Beyond guaranteed income, communities can also enhance the economic well-being of artists by employing them to leverage their art and creativity for social impact in their communities. Artists At Work is a national program in the spirit of the Works Progress Administration (WPA) designed to support artists and their communities through artistic civic engagement. Envisioned as a New Deal for artists in the 21st Century, the initiative was piloted in Western Massachusetts and has since expanded to Los Angeles County, the Mississippi Delta, the Borderlands region, and Indianapolis. 

Housing access and affordability pose a national crisis, necessitating ambitious and radical solutions. Massachusetts showcases promising strategies that could serve as models for other states and towns grappling with this issue.

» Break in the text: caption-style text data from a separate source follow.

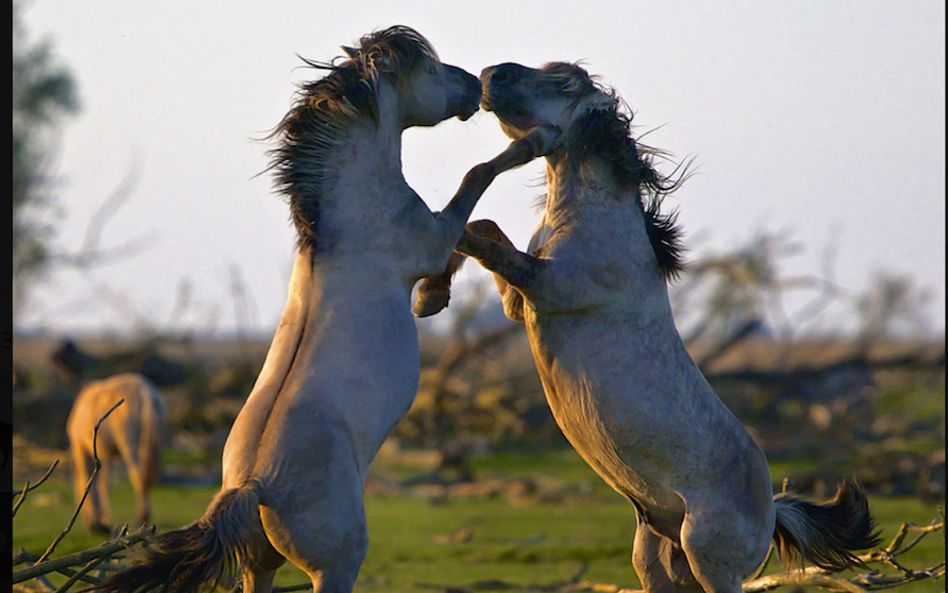 „Królestwo”, reż. Jacques Perrin i Jacques Cluzaud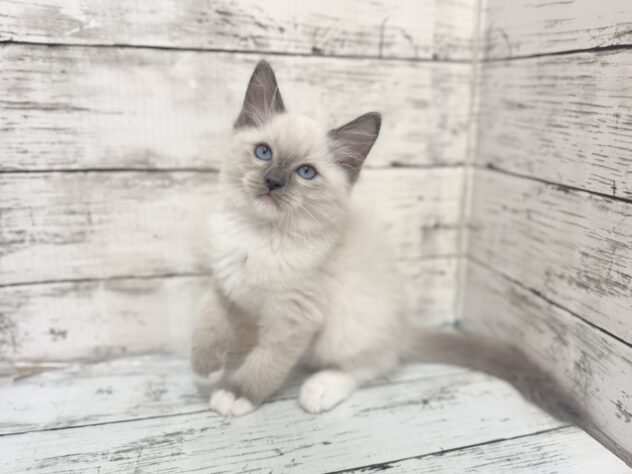 福島県のラグドール (アミーゴいわき店/2025年9月30日生まれ/男の子/ブルーポイントミテッド)の子猫の1枚目の画像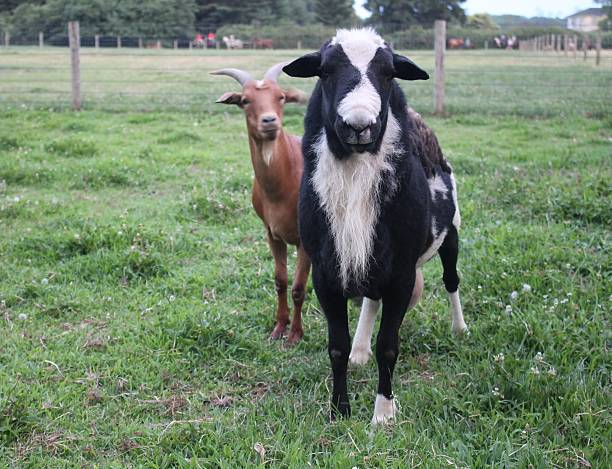 istock pair of goats 564589390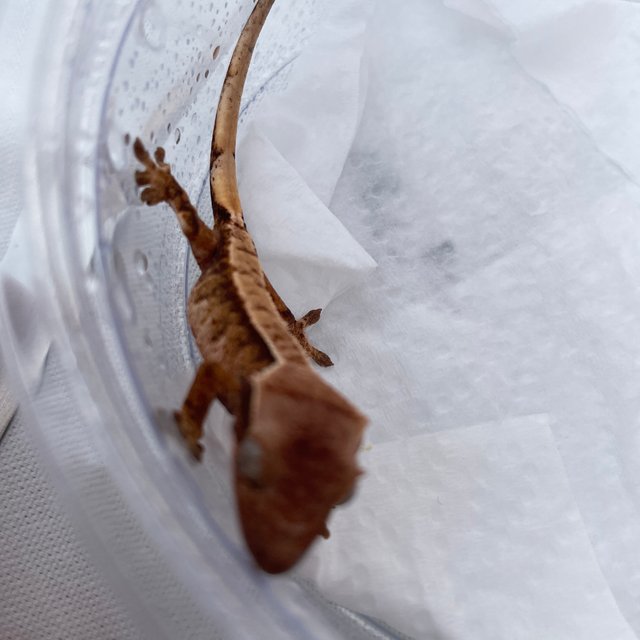 노멀 트라이 익스트림할리퀸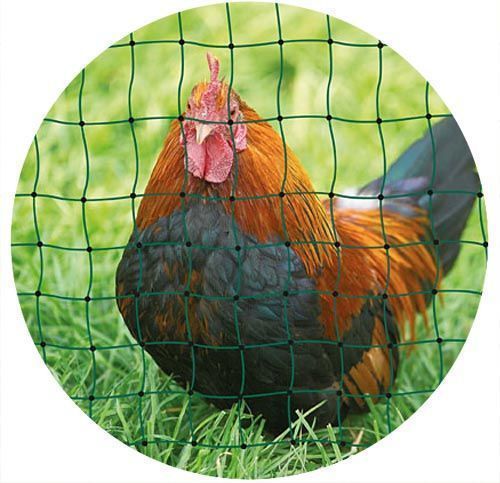 Filet à volailles 25m simple pointe 25m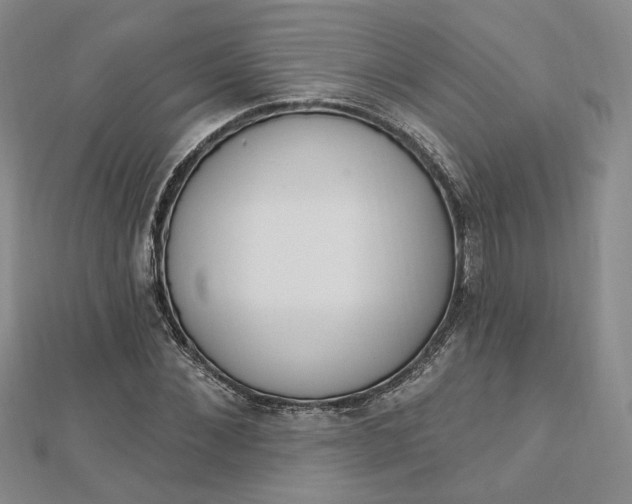 X0000112740876200909031504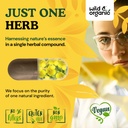wild-organic-mullein-capsules-mullein-le-5.jpg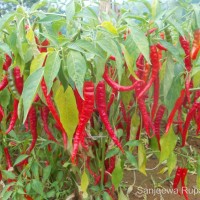 Capsicum annuum L.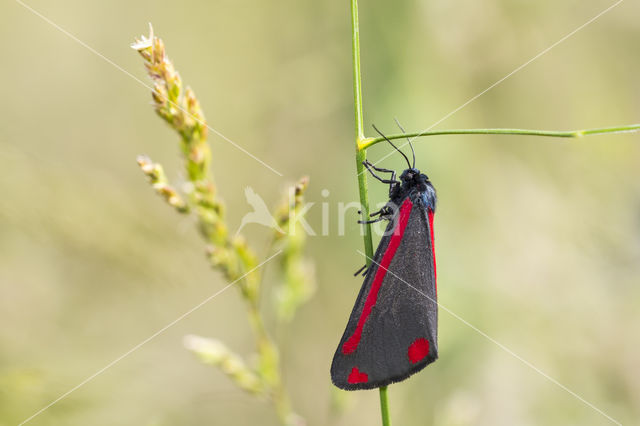 The Cinnabar (Tyria jacobea)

Provincetown, aligning with Massachusetts’ mandate, leads the local region in allocating at least 10% of housing for affordable purposes. The town is financing the construction of 65 year-round apartments, boosting its low-income housing stock to over 11%. Last year, Governor Maura Healey unveiled a $4 billion housing investment plan, aiming to create 40,000 new homes, with a majority designated for low and moderate-income households. This initiative has the potential to uplift emerging artists and writers, many of whom qualify for its benefits.

Finally, including artists in city strategic planning processes is crucial for fostering vibrant, inclusive, and resilient communities. Artists’ perspectives as creative problem solvers can help strengthen social health and wellness and shape policies and initiatives that support affordable housing and live-work spaces for all. Artists and cultural workers acting locally across the country are central to social justice and community “placekeeping” efforts, which is defined as the active care of a place and its social fabric by the people who live there. These local projects — from Weeksville, Brooklyn (Weeksville Heritage Center) to Third Ward, Houston (Project Row Houses) — illustrate how the arts catalyze social justice and community building.  

“Bohemia has always been 90% low rent, 10% dream,” wrote Brad Gooch in a prescient 1992 New York Magazine cover story about the budding arts community in Williamsburg, Brooklyn. This is both its promise and its danger. By investing in emerging artists and writers through locally-led, sustainable programs like residencies, guaranteed income, and affordable housing initiatives, small towns like Provincetown can once again nurture creativity, cultivate a rich cultural tapestry, and ensure the sustainability of their artistic communities. The rewards of such investments are immense, not only for the individual creatives but for the towns themselves, which become vibrant, diverse, and economically resilient hubs of culture and innovation.